Dilation/Erosion – Text quality is the key to OCR accuracy. These filters can smooth the edges of text by removing pixels that represent rough edges or add pixels to fill missing data with a character.

Line Removal –  Speciality software can provide the functionality to remove lines from an image. Removing lines reduces OCR interference.

Red/Blue/Green Dropout – Using the proper settings, color scanners will “not capture” red, blue and green data within an image. Many times, pre-printed forms have the boxes and response areas printed in red, blue or green. This is purposefully done, so that during the scanning process, the box lines and response areas are not captured and thus is less interference with the OCR engine.

Microfilm vs. Digital for Archival Storage

The discussion on the viability of using microfilm or digital for long-term archiving rears its ugly head on a regular basis in courtrooms, boardrooms and offices for both government and private institutions alike.

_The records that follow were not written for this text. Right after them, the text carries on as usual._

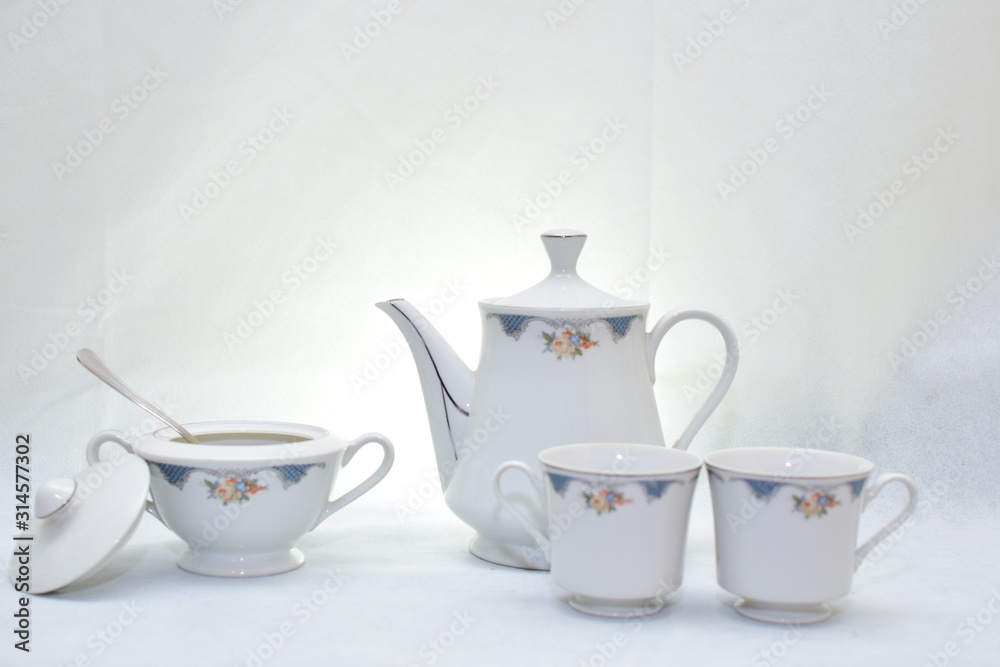 Mock up / design set of elegant and traditional teapot colorful white and blue coffee cup & Tea cup on cup's plate beside the hot tea pot , design/ drink-ware isolated on white background Mock up / design set of elegant and traditional teapot colorful white and blue coffee cup & Tea cup on cup's plate beside the hot tea pot , design/ drink-ware isolated on white background
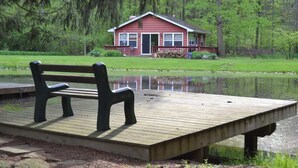A wooden dock with a bench, a red house with a porch, and a pond in the background. - The Pond Cottage at Rustic River (Austinburg)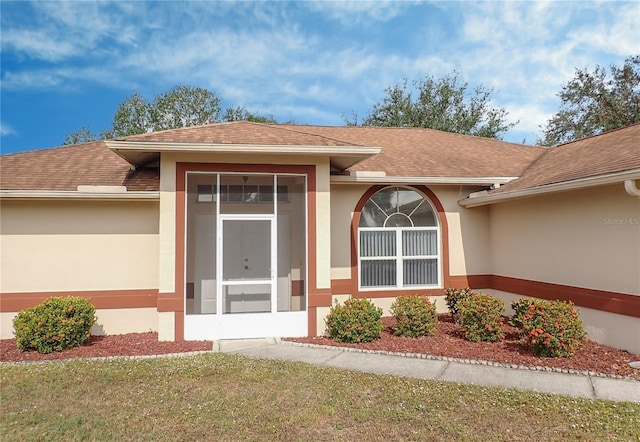 property entrance with a yard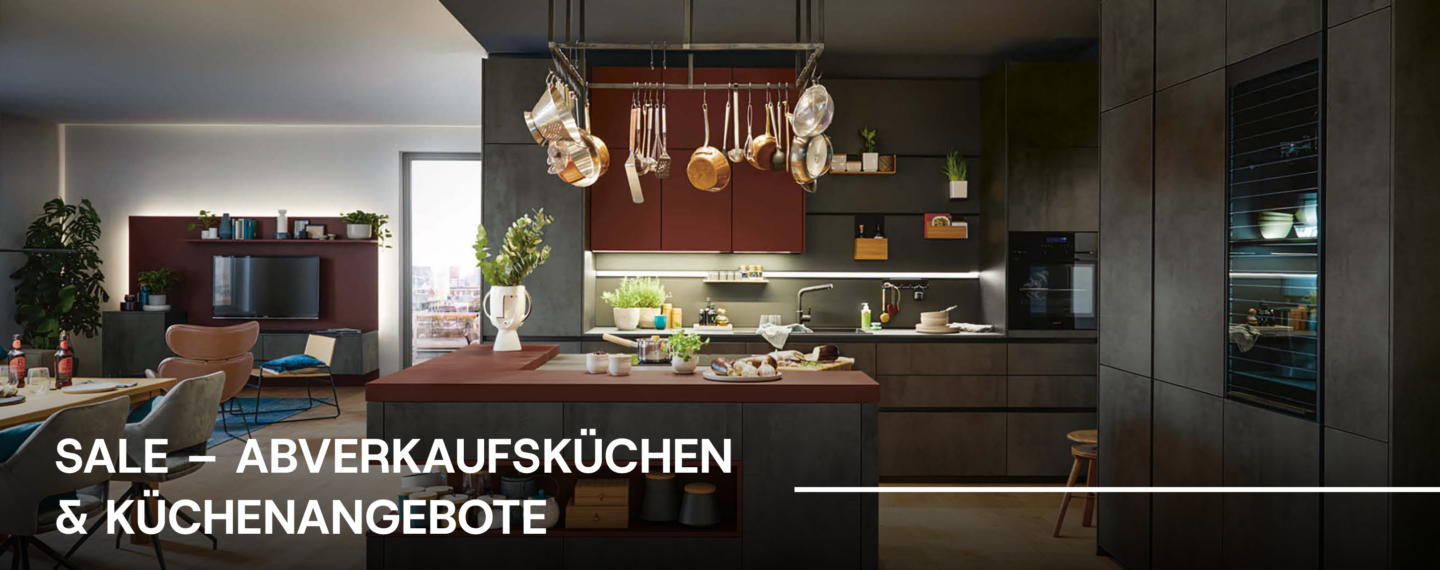 Sale für Abverkaufsküchen und Küchenangebote: moderne offene Wohnküche mit großer Kücheninsel, dunklen grifflosen Küchenmöbeln, rotbraunen Akzenten und integrierten Einbaugeräten.
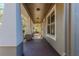Inviting covered front porch featuring sturdy columns and pleasant outdoor ambiance at 14637 Tanja King Blvd, Orlando, FL 32828
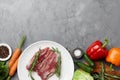 Raw duck breast in white plate with vegetables Royalty Free Stock Photo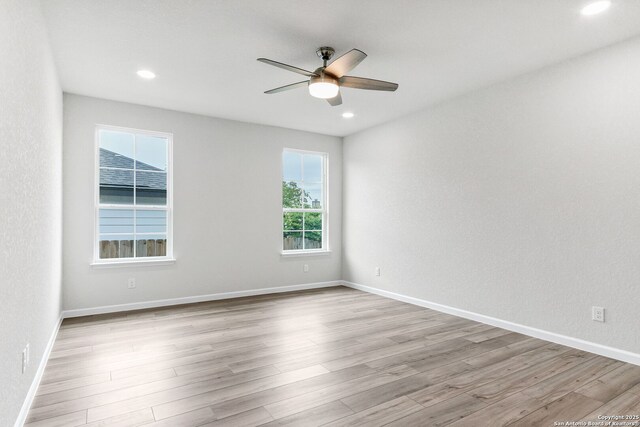 9911 Loma Alta Cir, Converse, TX 78109 - unfurnished room with ceiling fan, wood finished floors, and recessed lighting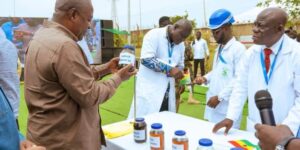 Outdoor demonstration of handwashing products: a man in a brown shirt shows a jar to presenters in white lab coats at a table with several labeled bottles, a microphone nearby.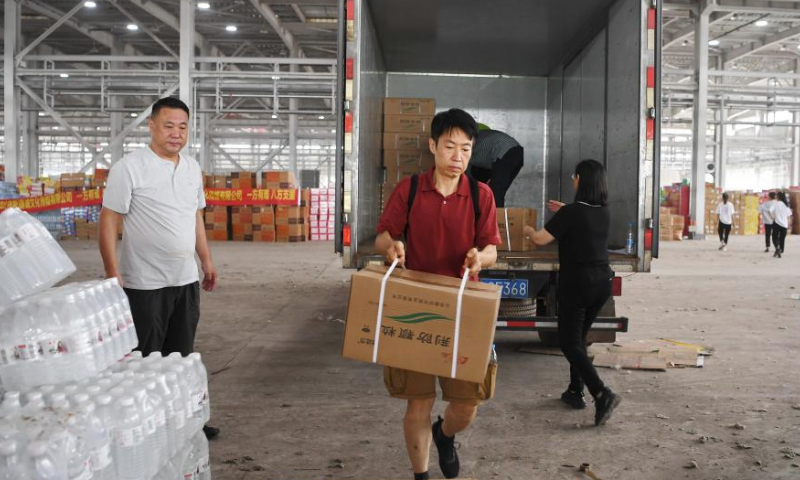 Volunteers from China Charity Federation transfer the donated relief supplies at a storage site of relief supplies in Zhuozhou, north China's Hebei Province, Aug. 5, 2023. A large number of donated relief supplies from all over the country arrived in Zhuozhou on Saturday, supporting local people affected by rainstorms and floods. (Xinhua/Mu Yu)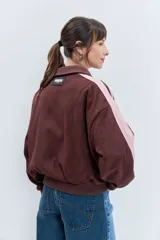 Cazadora de estilo deportivo en color marrón, confeccionada en tejido tipo gamuza. Presenta cierre frontal completo, cuello alto, puños y ruedo acanalados, y franjas laterales en tono rosado. Incluye el logo de la marca bordado en el pecho.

From a legal perspective, microfilm is a supported format. The Best Evidence Rule (Federal Business Records Act, Uniform Photographic Copies of Business and Public Records as Evidence Act) states that these statutes permit the admissibility of any record which has  been “kept in the regular course of business and copied or reproduced by  … any photographic, photostatic, microfilm, microcard, miniature photographic or other process which accurately reproduces or forms a durable medium for  reproducing the original.” Accordingly, the reproduction is as admissible  as the original. The process of recording information optically clearly falls within the law’s language of “other process which accurately reproduces or forms a durable medium for reproducing the original.”

All US states have published document retention and library standards and micrographics adhere to just about every  state’s standards for long-term document archiving. New York State, California, Texas, Indiana, Arizona, Louisiana and Florida Archives, just to name a few,  promote microfilm as a viable and practical medium for preserving the state’s  history.

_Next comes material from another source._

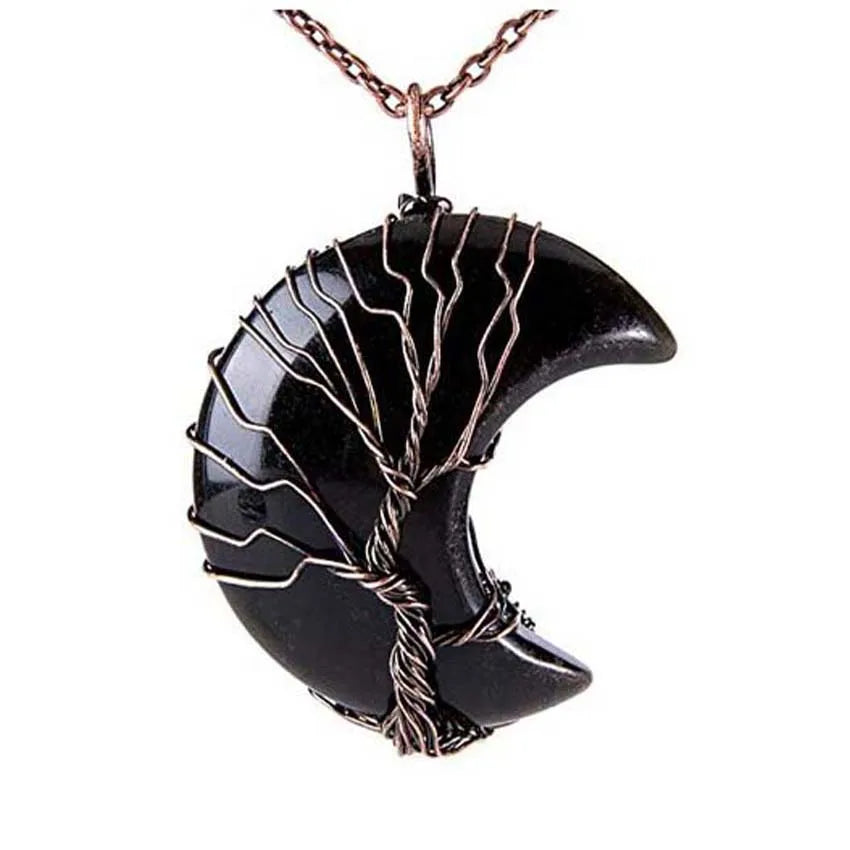 Black crescent moon pendant with copper wire wrapping on a white background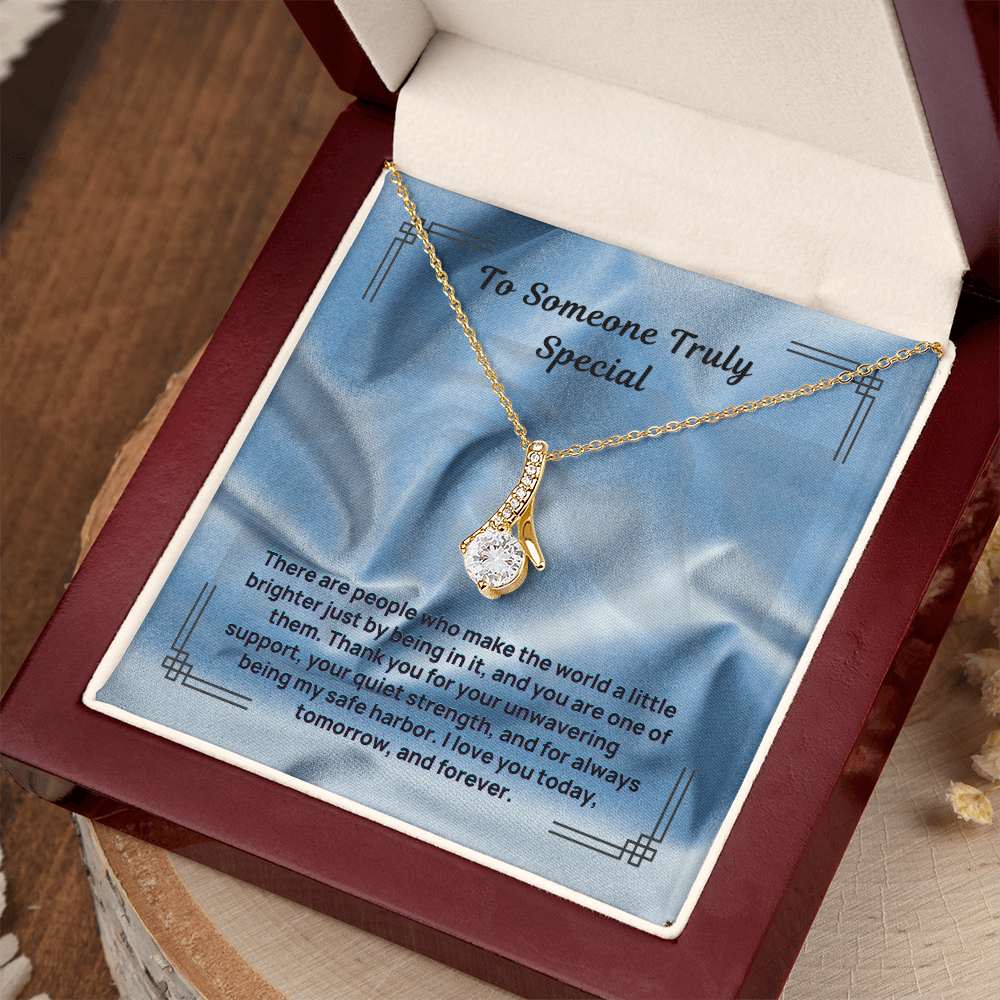Gold-tone teardrop pendant necklace with blue message card in red gift box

Now, ask yourself this question; Let’s say  you have been left a trust in the value of $100,000,000.00. You must wait 20 years to  have access to these funds. The money will be accessed via a 1,000 character  code found on 200 separate documents (files). You will be provided with these  documents on a USB drive, a CD, a DVD or a roll of microfilm. Which media would  you choose? Backwards compatibility will always be a serious concern.  What platform created the electronic copy? Was it Windows? Will  this format be supported in 20 years? Will you need to do some type of  conversion to your 20-year-old data to have access to your code? If you lose  one single image, you will not be able to access these funds. Now, instead of a code for a trust, look at  those documents as proof of purchase/ownership, human resource records, certification  documents, medical research history, etc…

Advantages of Microfilm for Long Term Archiving:

  1. Properly filmed and processed microfilm on a polyester base has an anticipated life expectancy (LE 500) of 500 years.
  2. All you need to view film is a light source.
  3. Individual pages cannot be pulled or lost.
  4. Original rolls cannot be edited.
  5. A single roll of 16mm microfilm can hold over 8,000 images – that is almost an entire 3 drawer file cabinet of documents.